TRY IT
Beginning at the line that contains "Click on cancel", reproduce the entries below exactly, ending with the line that contains "All the activities". Omit each picture.

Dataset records
-*-

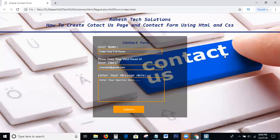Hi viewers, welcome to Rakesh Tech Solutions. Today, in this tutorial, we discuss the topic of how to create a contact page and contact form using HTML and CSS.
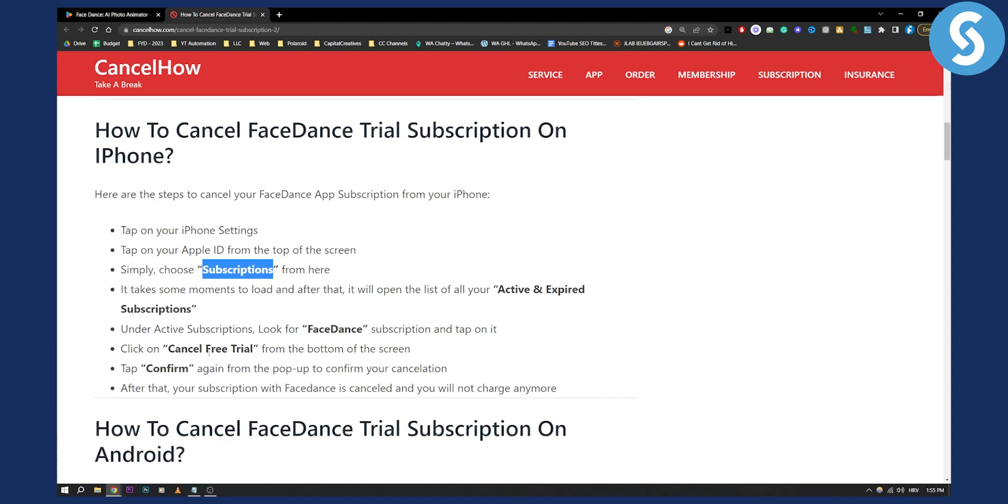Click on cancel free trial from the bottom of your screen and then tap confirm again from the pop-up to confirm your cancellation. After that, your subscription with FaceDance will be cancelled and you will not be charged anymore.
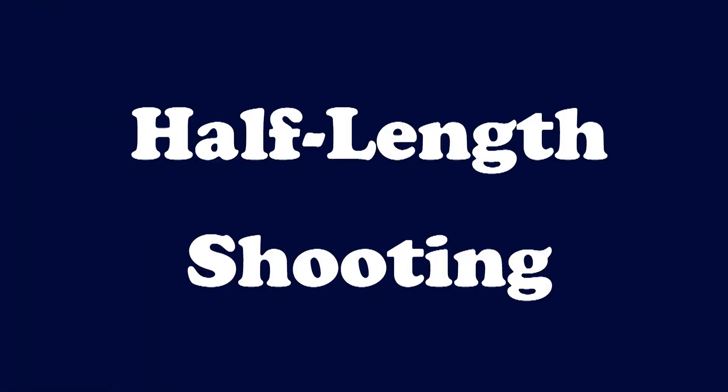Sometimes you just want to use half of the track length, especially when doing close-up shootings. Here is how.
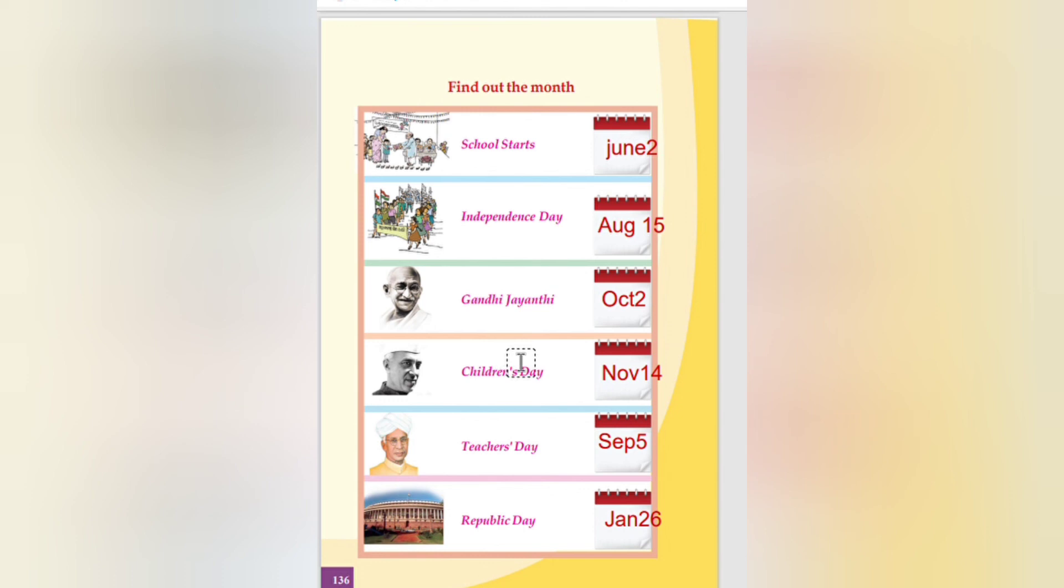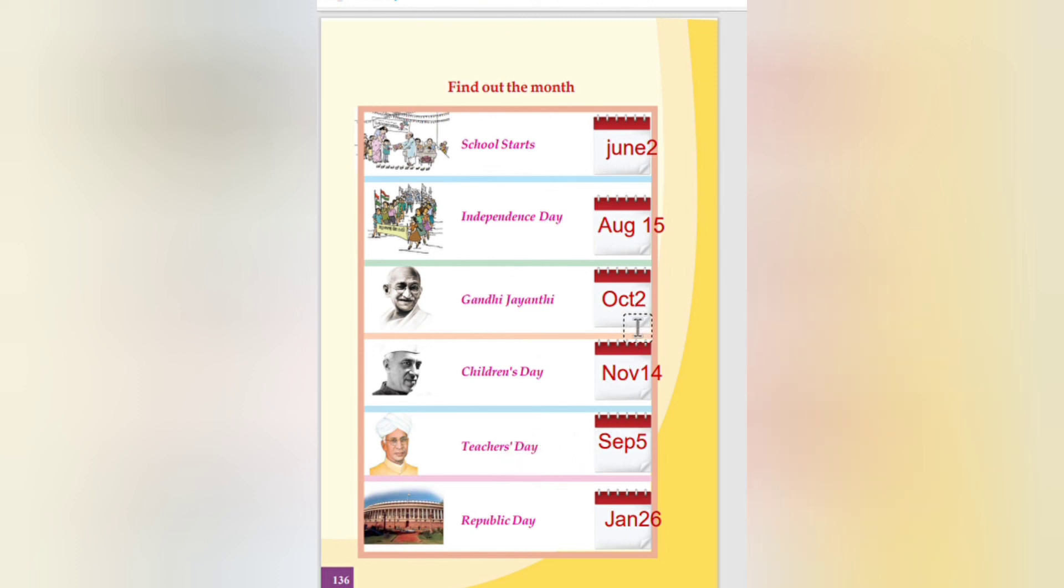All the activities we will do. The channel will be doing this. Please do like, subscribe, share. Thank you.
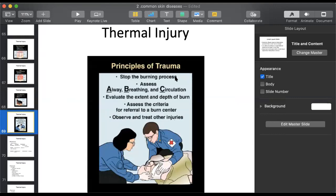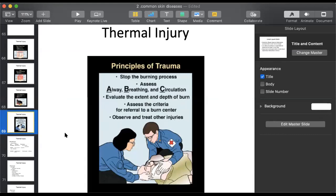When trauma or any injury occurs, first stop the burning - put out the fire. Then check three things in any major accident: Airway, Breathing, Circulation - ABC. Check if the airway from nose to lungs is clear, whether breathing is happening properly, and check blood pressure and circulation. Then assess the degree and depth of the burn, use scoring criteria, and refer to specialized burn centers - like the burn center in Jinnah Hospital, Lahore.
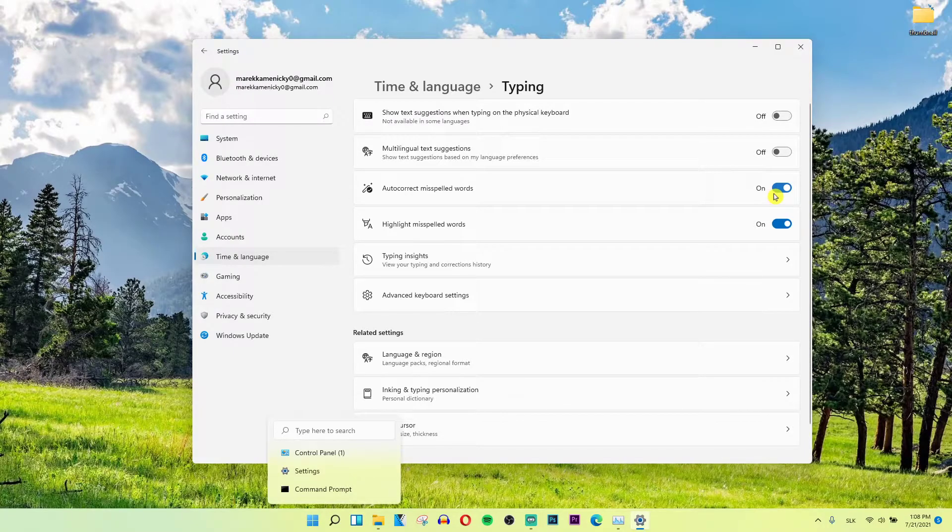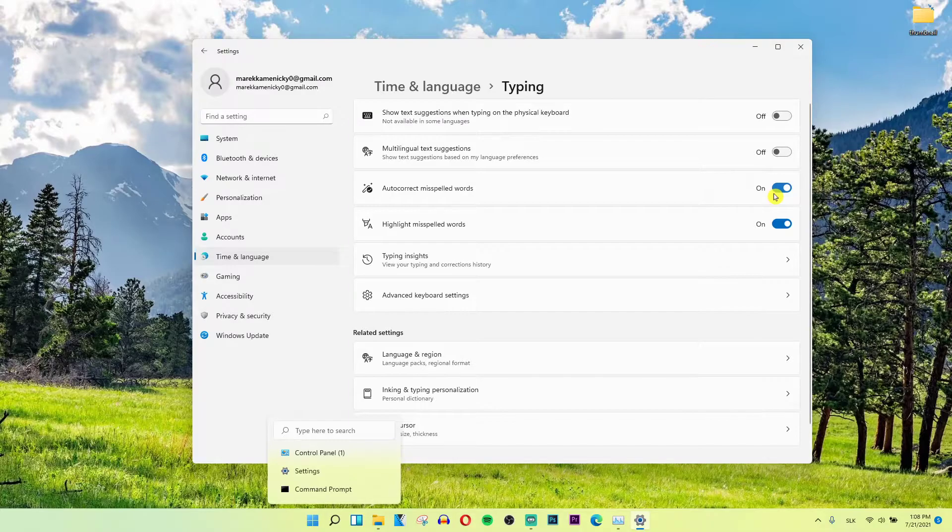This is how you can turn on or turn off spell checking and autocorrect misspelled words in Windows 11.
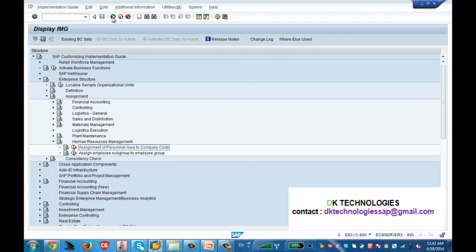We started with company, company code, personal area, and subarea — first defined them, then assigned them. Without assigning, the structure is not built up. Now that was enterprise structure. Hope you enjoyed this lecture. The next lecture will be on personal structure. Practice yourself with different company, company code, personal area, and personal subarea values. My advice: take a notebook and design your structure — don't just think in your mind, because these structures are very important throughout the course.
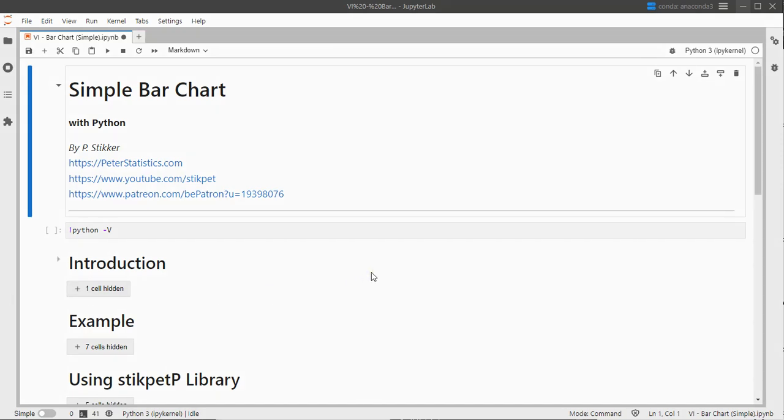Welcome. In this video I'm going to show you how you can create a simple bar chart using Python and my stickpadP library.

-*-

OUTPUT OF THE EXERCISE
Click on cancel free trial from the bottom of your screen and then tap confirm again from the pop-up to confirm your cancellation. After that, your subscription with FaceDance will be cancelled and you will not be charged anymore.
Sometimes you just want to use half of the track length, especially when doing close-up shootings. Here is how.
All the activities we will do. The channel will be doing this. Please do like, subscribe, share. Thank you.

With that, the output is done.